EXERCISE AIM —
Without leaving out a single line, copy the records exactly.

SUPPLIED MATERIAL —
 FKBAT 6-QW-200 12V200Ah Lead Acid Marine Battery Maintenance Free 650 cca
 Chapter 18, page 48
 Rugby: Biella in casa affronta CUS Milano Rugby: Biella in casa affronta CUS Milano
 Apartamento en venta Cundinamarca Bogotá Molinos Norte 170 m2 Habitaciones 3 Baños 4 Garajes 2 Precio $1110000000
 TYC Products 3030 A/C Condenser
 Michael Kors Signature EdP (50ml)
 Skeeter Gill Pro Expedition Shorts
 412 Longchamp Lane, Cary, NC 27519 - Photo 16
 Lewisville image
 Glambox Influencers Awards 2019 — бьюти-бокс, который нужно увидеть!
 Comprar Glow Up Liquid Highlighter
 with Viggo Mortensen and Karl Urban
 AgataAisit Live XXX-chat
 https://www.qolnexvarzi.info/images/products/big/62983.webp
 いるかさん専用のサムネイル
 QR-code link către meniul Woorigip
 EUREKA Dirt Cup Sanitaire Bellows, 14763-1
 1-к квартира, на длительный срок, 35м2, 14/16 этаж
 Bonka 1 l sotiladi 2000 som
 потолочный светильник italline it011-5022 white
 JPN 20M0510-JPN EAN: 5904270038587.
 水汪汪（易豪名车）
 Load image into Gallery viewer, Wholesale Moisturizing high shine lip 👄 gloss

SOLUTION TO THIS EXERCISE —
 FKBAT 6-QW-200 12V200Ah Lead Acid Marine Battery Maintenance Free 650 cca
 Chapter 18, page 48
 Rugby: Biella in casa affronta CUS Milano Rugby: Biella in casa affronta CUS Milano
 Apartamento en venta Cundinamarca Bogotá Molinos Norte 170 m2 Habitaciones 3 Baños 4 Garajes 2 Precio $1110000000
 TYC Products 3030 A/C Condenser
 Michael Kors Signature EdP (50ml)
 Skeeter Gill Pro Expedition Shorts
 412 Longchamp Lane, Cary, NC 27519 - Photo 16
 Lewisville image
 Glambox Influencers Awards 2019 — бьюти-бокс, который нужно увидеть!
 Comprar Glow Up Liquid Highlighter
 with Viggo Mortensen and Karl Urban
 AgataAisit Live XXX-chat
 https://www.qolnexvarzi.info/images/products/big/62983.webp
 いるかさん専用のサムネイル
 QR-code link către meniul Woorigip
 EUREKA Dirt Cup Sanitaire Bellows, 14763-1
 1-к квартира, на длительный срок, 35м2, 14/16 этаж
 Bonka 1 l sotiladi 2000 som
 потолочный светильник italline it011-5022 white
 JPN 20M0510-JPN EAN: 5904270038587.
 水汪汪（易豪名车）
 Load image into Gallery viewer, Wholesale Moisturizing high shine lip 👄 gloss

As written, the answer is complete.